Seitdem sie weiss, dass sie Ende März nächsten Jahres rausmüsse, habe sie den Eindruck, sie lebe auf einem fremden Planeten. Irgendwie sei ihr das Gefühl für die Realität abhandengekommen. Sie erwäge ernsthaft, im schlimmsten Fall mit Exit aus dem Leben zu scheiden: «Dabei bin ich wirklich eine zähe Person und Kämpferin.»
Beatrice Landert ist Pflegefachfrau oder «Krankenschwester», wie sie sich selber bezeichnet. Sie war ihr Leben lang erwerbstätig, wegen ihrer beiden Kinder zwar mit Unterbrüchen und in Teilzeitpensen, aber immer sehr engagiert und motiviert. «Anderen zu helfen», sagt sie, sei etwas, was ihr entspreche. Als sie älter geworden sei, habe sie privat Leute betreut und mit über 80 auch noch geputzt.
2500 Franken im Monat reichten immer
Sie habe schon früh gelernt, auf’s Geld zu schauen, und so habe sie tatsächlich etwas auf die Seite legen können. Doch statt dieses Geld für ihr Alter zu sparen, hat sie es ihren beiden Kindern geschenkt. Sie sei ja jahrelang mit ihrer AHV und der Pensionskassenrente von 300 Franken monatlich klargekommen. Bei einem Mietzins von etwas über 1000 Franken, einer Prämienverbilligung bei der Krankenkasse und einem bescheidenen Lebensstil hätten die 2500 Franken, die sie monatlich zur Verfügung habe, immer gereicht: «Mir hat nichts gefehlt.»
Doch in dem Moment, wo der Verwalter Ende Juli persönlich bei ihr vorbeigekommen sei und ihr die Kündigung auf Ende März 2026 mitgeteilt habe, sei das böse Erwachen gekommen. Sie habe ja Verständnis für den Entscheid der Hausbesitzer.
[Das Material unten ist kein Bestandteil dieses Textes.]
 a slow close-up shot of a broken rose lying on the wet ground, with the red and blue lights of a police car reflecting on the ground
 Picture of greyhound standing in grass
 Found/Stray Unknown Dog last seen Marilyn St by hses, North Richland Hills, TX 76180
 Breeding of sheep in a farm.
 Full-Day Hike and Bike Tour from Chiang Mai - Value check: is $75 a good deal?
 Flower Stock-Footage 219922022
Schliesslich habe es vor gut drei Jahren in der Wohnung ihrer Nachbarin gebrannt. Das Feuer habe die Statik des ganzen Hauses in Mitleidenschaft gezogen, so dass der Abriss nur eine Frage der Zeit gewesen sei. Sie seufzt: «Trotzdem war ich immer der festen Überzeugung, dass ich in meinem Alter nochmals davonkommen und von einem Umzug verschont würde.»
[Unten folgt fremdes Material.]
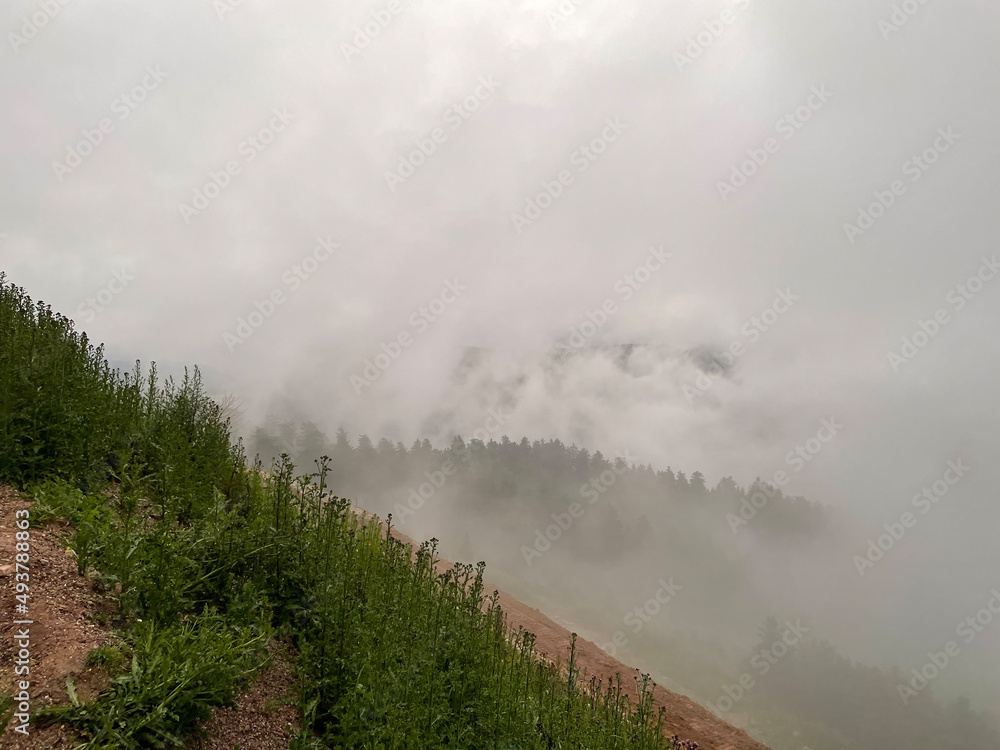 Fototapeta premium Schwarzwald Hochstrasse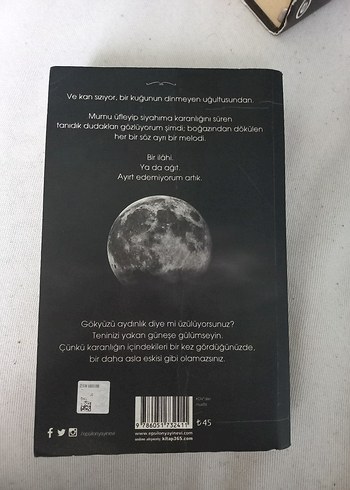 Siyah Kuğu I - Beyza Aksoy - Görsel 2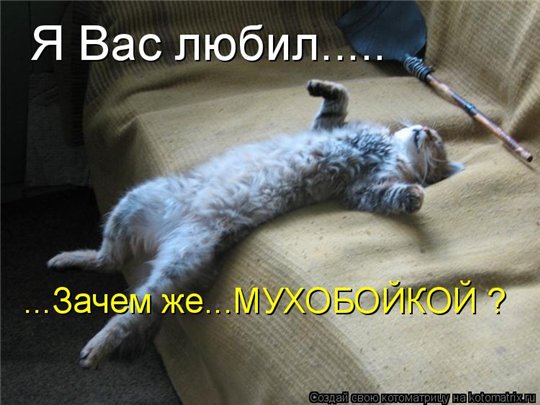 http://s012.radikal.ru/i321/1011/84/412ad26c4d77.jpg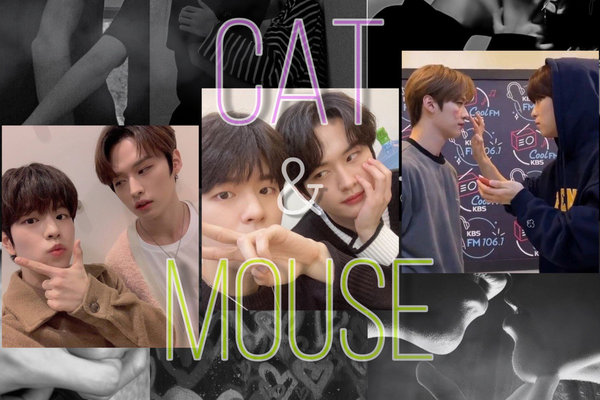 Cat and Mouse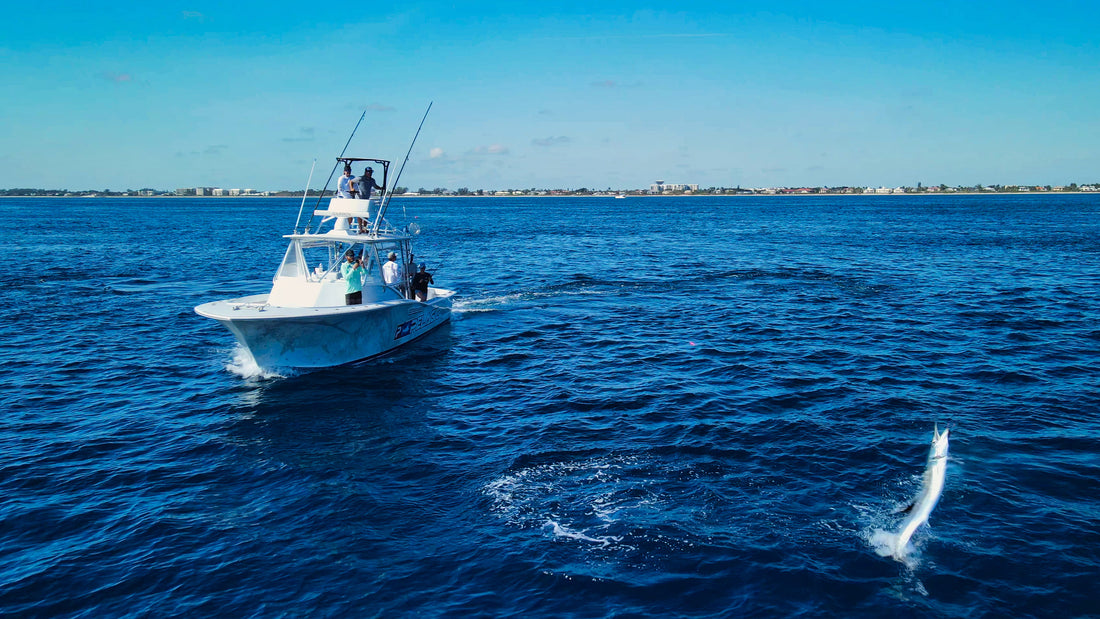 Pro Team Captain Chip Sheehan - ONE OF FLORIDA'S TOP SAILFISHING CAPTAINS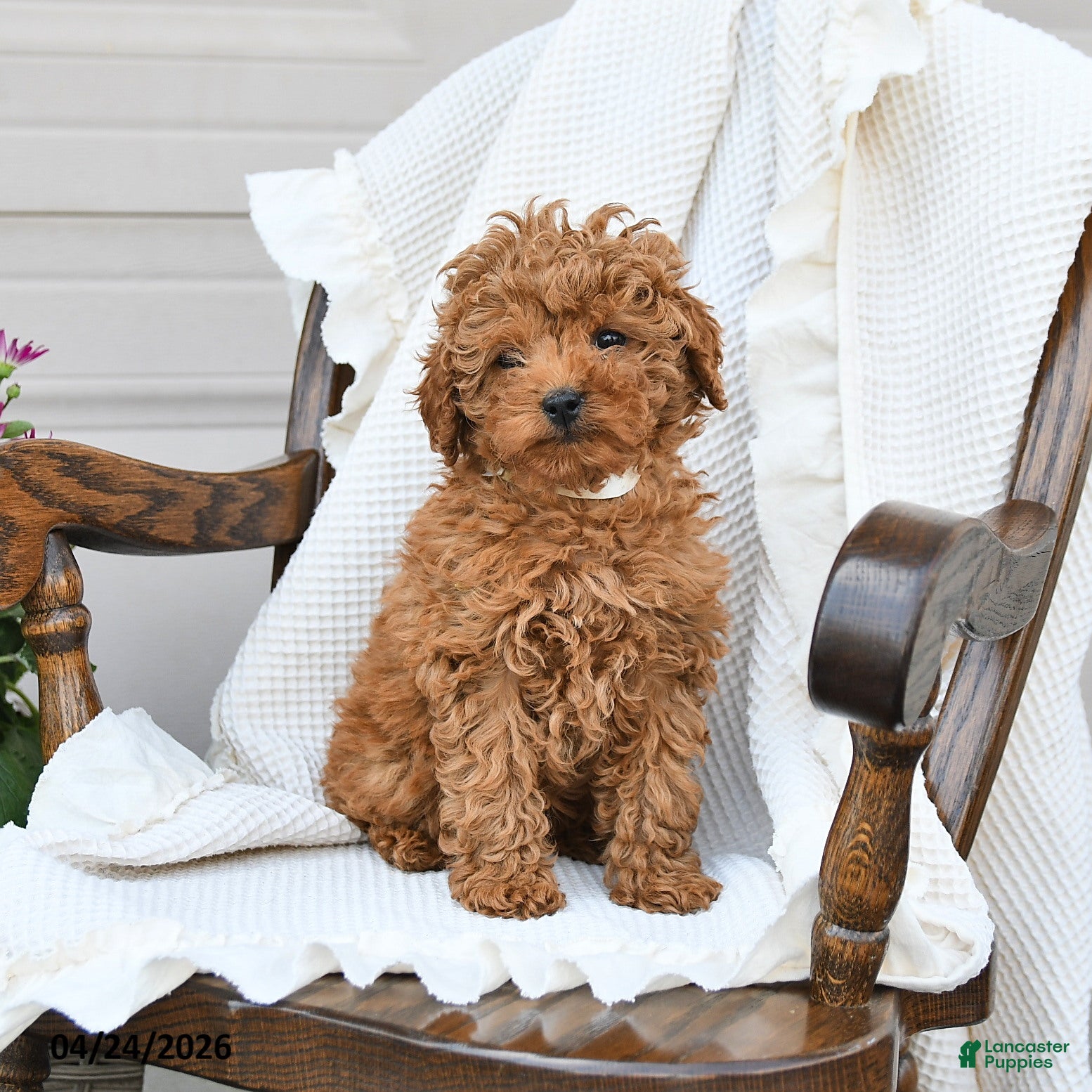 Miniature Poodle dogs for sale: Tootsie - Ad 1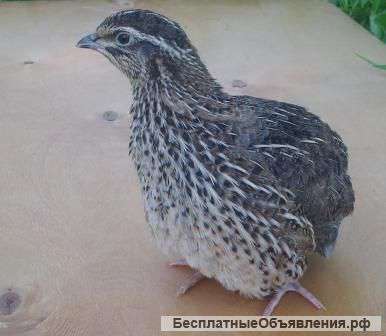 Перепелиные яйца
Als die Kündigung dann Tatsache war, hielt sie verzweifelt nach einer Alternative Ausschau. Bekannt im ganzen Quartier, ja, im Ort, bekam sie schnell Hinweise auf leerstehende Objekte: Zweieinhalb-, manchmal auch Dreieinhalb-Zimmerwohnungen, für die sie zwischen 1700 und 2200 Franken hätte zahlen müssen. Sie schüttelt den Kopf: «Woher soll ich das Geld nehmen?» Was ihr vorschwebe, sei ein bescheidenes Einzimmer-Studio für höchstens 1200 Franken, am liebsten im Parterre, damit die Katze rein- und rauskönne. Inzwischen wisse sie, dass es auf dem heutigen Wohnungsmarkt nichts mehr in dieser Preisklasse gebe. Dazu komme, dass sie als 92-Jährige wohl bei vielen Hausbesitzern einen schweren Stand habe. Dabei würden alle Leute, die sie kennen und ihr Alter erfahren, lachen und sagen: «92? Das soll wohl ein Witz sein.»
Nur nicht ins Altersheim!
Wie weiter? Einen Grossteil ihrer Möbel, Kleider und Gebrauchsgegenstände habe sie bereits verschenkt: ihrem Sohn einen Tisch, dem Zürcher Brockenhaus ihre Stühle, dem Chramschopf alle Kerzenständer, dem Wettstein-Haus auf der Forch viele ihrer schönen Kleider.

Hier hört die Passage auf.